Critique de Tootpadu

Martin Scorsese est certainement le plus cinéphile des réalisateurs américains en activité. Alors que même le plus ignoble des tâcherons dispose bien d’une référence dans l’Histoire du cinéma qui a dû le pousser à choisir cette voie au détriment de ses futurs spectateurs, les influences du réalisateur de Taxi driver se distinguent par une richesse et un éclectisme, qui ne sont dépassés que par son enthousiasme pour faire découvrir des chefs-d’œuvre tombés dans l’oubli, voire jamais reconnus à leur juste valeur. La passion de Martin Scorsese pour le cinéma sous toutes ses formes est tellement inépuisable, qu’en comparaison, l’attachement pour certains genres populaires dont fait preuve Quentin Tarantino pâlit presque honteusement. Toutes proportions gardées, mettre ces deux cinéastes méritants sur le même piédestal, ce serait comme si notre goût personnel plutôt imprévisible entrait en compétition avec la fixation quasiment exclusive de notre cher confrère Mulder sur les films de super-héros. Le rôle de Martin Scorsese en tant que gardien majeur de la mémoire du cinéma surpasse même ses propres capacités filmiques, comme le démontre ce conte qui voudrait tant enchanter un public néophyte en matière d’origines du Septième Art, mais qui n’est en fin de compte qu’un somptueux film pour enfants à vocation éducative.
D’emblée, la boîte magique est grande ouverte dans Hugo Cabret, qui court formellement après la grandiloquence d’un Moulin Rouge ! de Baz Luhrmann, alors qu’un peu plus du luxe feutré à travers lequel Scorsese lui-même avait déjà admirablement navigué dans Le Temps de l’innocence aurait été le bienvenu.

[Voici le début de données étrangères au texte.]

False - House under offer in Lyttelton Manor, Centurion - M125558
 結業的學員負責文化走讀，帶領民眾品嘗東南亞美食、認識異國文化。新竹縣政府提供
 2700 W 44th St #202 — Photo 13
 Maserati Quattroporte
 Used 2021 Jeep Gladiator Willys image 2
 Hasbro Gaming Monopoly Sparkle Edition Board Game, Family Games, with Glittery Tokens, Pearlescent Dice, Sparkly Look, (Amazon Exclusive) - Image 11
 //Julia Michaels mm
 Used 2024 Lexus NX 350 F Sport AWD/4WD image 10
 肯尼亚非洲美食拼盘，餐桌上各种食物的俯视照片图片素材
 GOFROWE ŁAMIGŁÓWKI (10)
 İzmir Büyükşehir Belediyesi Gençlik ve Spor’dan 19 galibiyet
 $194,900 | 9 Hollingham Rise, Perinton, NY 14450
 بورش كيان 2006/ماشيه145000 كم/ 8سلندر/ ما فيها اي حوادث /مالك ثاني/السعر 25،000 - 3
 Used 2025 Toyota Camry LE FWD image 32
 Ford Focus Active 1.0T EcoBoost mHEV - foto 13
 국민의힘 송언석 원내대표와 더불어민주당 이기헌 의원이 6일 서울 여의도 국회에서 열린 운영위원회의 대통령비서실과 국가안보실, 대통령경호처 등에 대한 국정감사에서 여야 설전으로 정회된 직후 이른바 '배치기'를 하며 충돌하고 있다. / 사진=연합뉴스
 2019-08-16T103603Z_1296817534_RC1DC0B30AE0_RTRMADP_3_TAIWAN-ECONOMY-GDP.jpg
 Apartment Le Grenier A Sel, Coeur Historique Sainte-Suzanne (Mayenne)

Les décors imposants des coulisses de la gare Montparnasse d’il y a 80 ans, dans lesquels la caméra s’engouffre avec une frénésie que seule la 3D peut rendre à peu près vivante, s’apparentent un peu trop à ce look volontairement nostalgique et artificiel que les frères Coen avaient employé à satiété dans Le Grand saut. Comme lors de la finale grandiloquente de ce film-là, les milliers de rouages des différentes horloges dont le jeune protagoniste s’occupe, ont tendance à obstruer le champ visuel, là où l’on s’attendait davantage à une exploration moins opportuniste des possibilités plastiques du cinéma en relief, que Martin Scorsese emploie surtout comme un immense jouet. D’ailleurs, le ton assez enfantin de l’ensemble du récit, avec par exemple la guéguerre lassante entre Hugo et le commissaire, relativise irrémédiablement la véritable vocation de ce film, beau mais guère renversant.
Tel un détective de l’Histoire du cinéma, le scénario plutôt convenu de John Logan cherche en effet à ériger un monument à la mémoire de George Méliès. Rien de mal à cela, bien entendu, puisque la connaissance de ce premier magicien du cinéma devrait être assez vague de la part d’un public jeune, auquel Hugo Cabret est principalement destiné. Pour les adultes, il conviendrait peut-être plus de regarder Le Voyage extraordinaire, le documentaire de Serge Bromberg, sorti également cette semaine, qui retrace l’histoire du plus connu des films de Méliès : Le Voyage dans la lune. Enfin, s’il fallait choisir entre la récupération du cinéma muet américain par les Français à travers The Artist et cette sorte de renvoi d’ascenseur bien intentionnée mais qui nous mâche un peu trop le travail émotionnel et intellectuel, notre cœur de cinéphile – de loin pas aussi instruit que celui de Martin Scorsese, cela va de soi – pencherait clairement en faveur du film de Michel Hazanavicius.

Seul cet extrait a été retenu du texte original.